Award-winning poetry by established and emerging poets throughout the summer.
A. H. Jerriod Avant was born and raised in Longtown, Mississippi. A graduate of Jackson State University, he’s earned MFA degrees from Spalding University and New York University. He’s received scholarships from the Breadloaf Writer’s Conference and Naropa University’s Summer Writing Program. Jerriod has received two winter fellowships from the Fine Arts Work Center in Provincetown and an emerging artist grant from the St. Botolph Club Foundation. His work has been published in the Boston Review, Callaloo, Virginia Quarterly Review, Obsidian, The Yale Review, and other journals. He’s most recently received his Ph.D. English from the University of Rhode Island and was a Teaching Fellow in English at Wesleyan University (2022-2023). His first book, Muscadine will be published with Four Way Books (September 15, 2023.)

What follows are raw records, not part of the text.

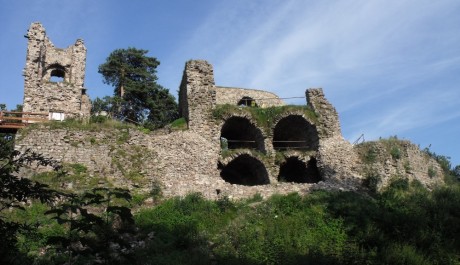 FOTO: Zřícenina hradu Zubštejn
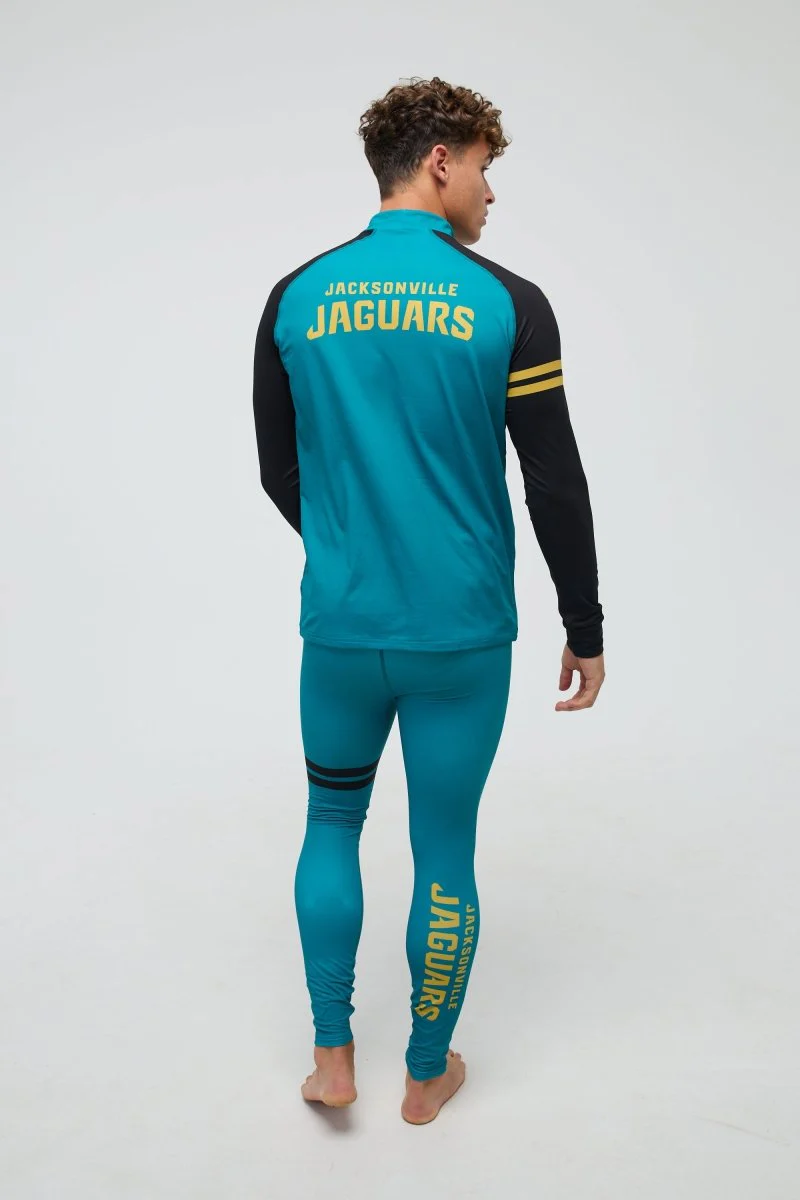 Jacksonville Jaguars - OOSC X NFL Baselayer Top Men's - Image 4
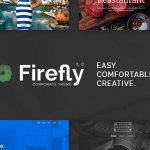 دانلود قالب وردپرس Firefly - پوسته کسب و کار و شرکتی وردپرس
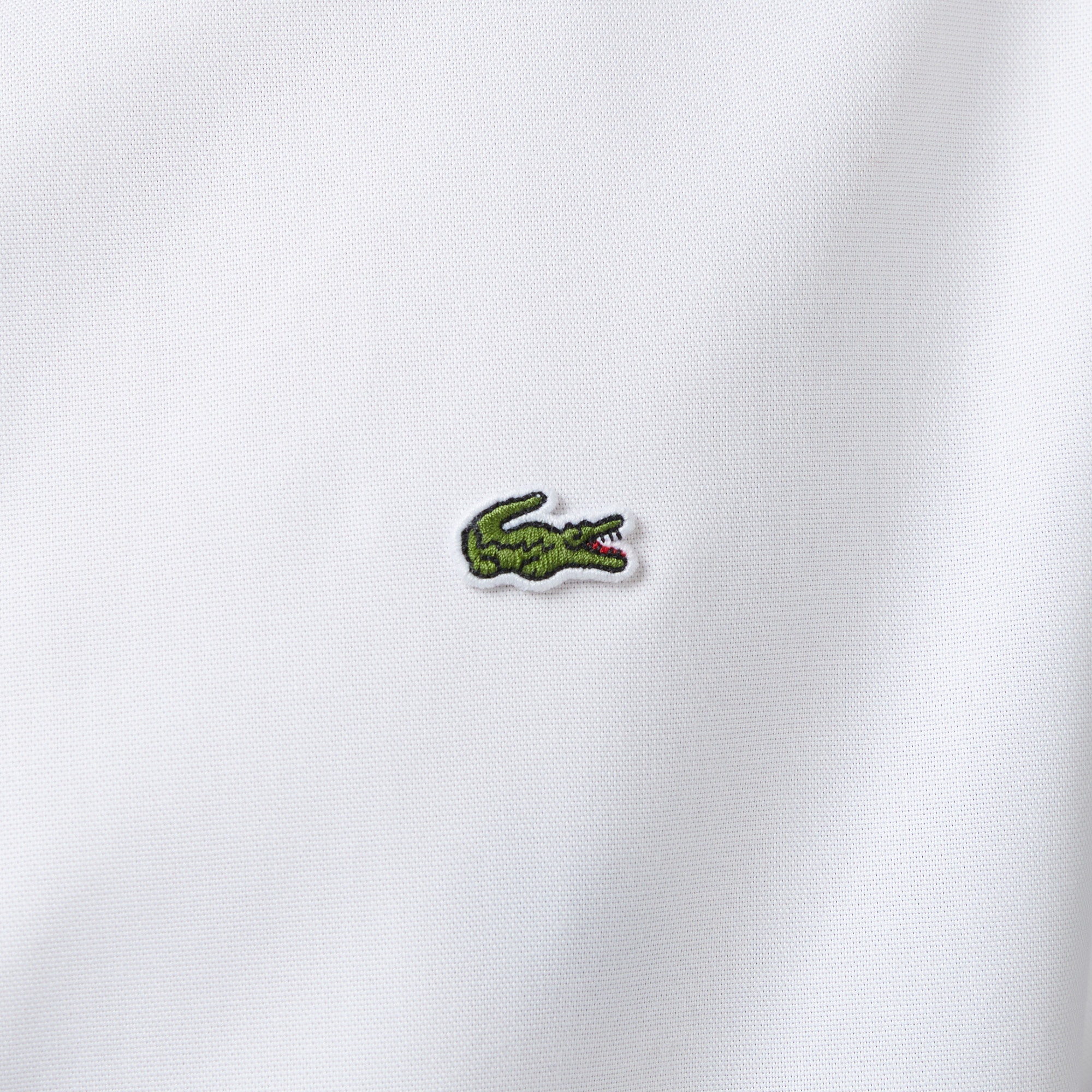 Erkek Düğmeli Yaka Beyaz Gömlek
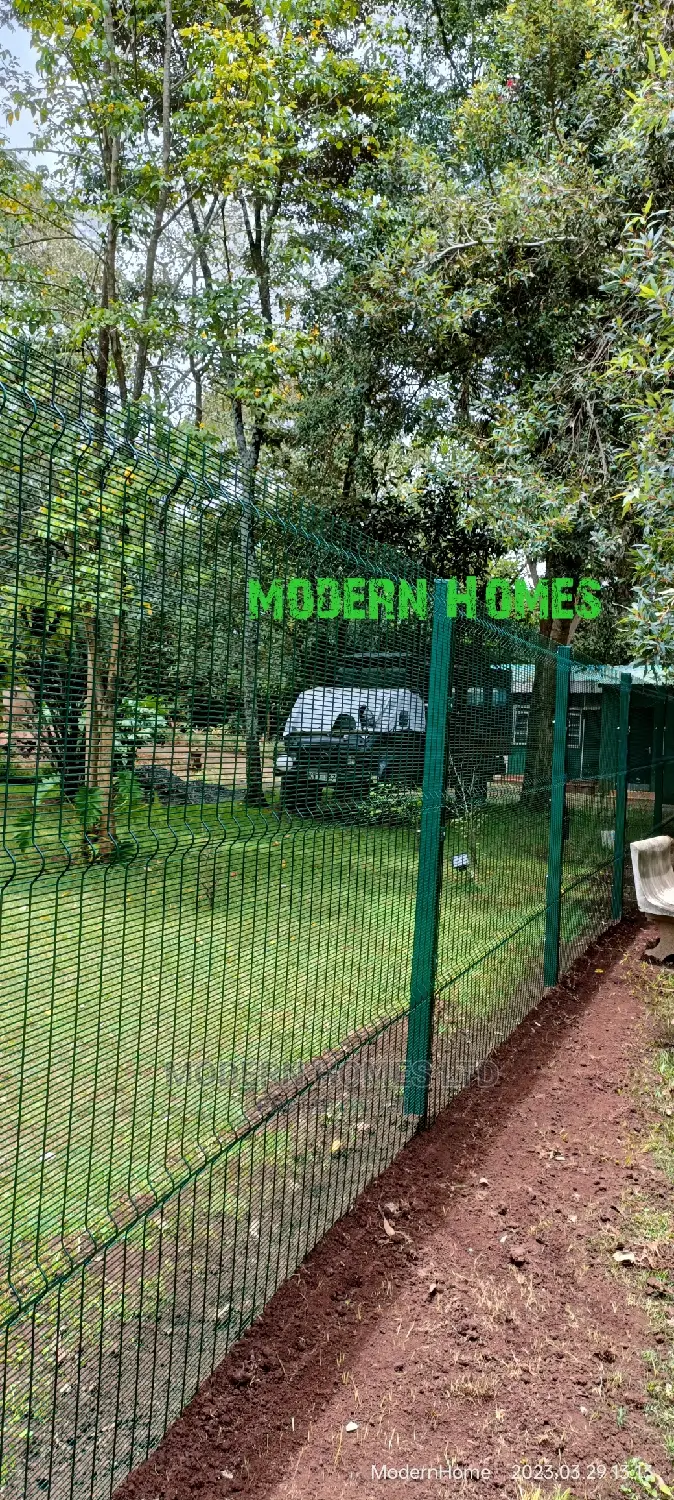 Secure Your Garden With Plastic Coated Mesh Fence!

Myronn Hardy is the author of, most recently, Aurora Americana, published by Princeton University Press. His books have garnered the PEN/Oakland Josephine Award, the Hurston/Wright Legacy Award for Poetry, and the Griot-Stadler Prize for Poetry. He has received fellowships from the Bread Loaf Writers’ Conference, Sacatar Foundation, Valpariso, Djerassi Foundation, and the Annenberg Foundation. He is the winner of the Prairie Schooner Strousse Award, given to the best poem or group of poems published that year in the journal. His poems have appeared in the New York Times Magazine, Poetry, the New Republic, the Georgia Review, the Baffler, Ploughshares, the Virginia Quarterly Review, Michigan Quarterly Review, Indiana Review, Seneca Review, and elsewhere. He teaches at Bates College. He lives in Maine.
Leslie Sainz is the author of Have You Been Long Enough at Table (Tin House, 2023). The daughter of Cuban exiles, she is the recipient of a 2021 National Endowment for the Arts Poetry Fellowship. Her work has appeared in or is forthcoming from The Academy of American Poets’ Poem-a-Day, the Yale Review, Kenyon Review, AGNI, Narrative, and elsewhere. A three-time National Poetry Series finalist, she’s received scholarships, fellowships, and honors from CantoMundo, the Miami Writers Institute, the Adroit Journal, and the Stadler Center for Poetry & Literary Arts at Bucknell University. She is the managing editor of the New England Review.
Sean Singer is the author of Discography (Yale University Press, 2002), winner of the Yale Series of Younger Poets Prize, selected by W.S. Merwin, and the Norma Farber First Book Award from the Poetry Society of America; Honey & Smoke (Eyewear Publishing, 2015); and Today in the Taxi (Tupelo Press, 2022) which won the 2023 National Jewish Book award.
Hosted by Nathan McClain, a poet, editor, and educator living in Amherst, Massachusetts. He is the author of Scale (Four Way Books, 2017) and Previously Owned (Four Way Books, 2022), and his poems and prose have recently appeared, or are forthcoming, in Poetry Northwest, Green Mountains Review, Poem-a-Day, The Common, The Critical Flame, and upstreet, among others. He is Assistant Professor of Creative Writing and African American Literary Arts at Hampshire College, and serves as Poetry Editor of The Massachusetts Review.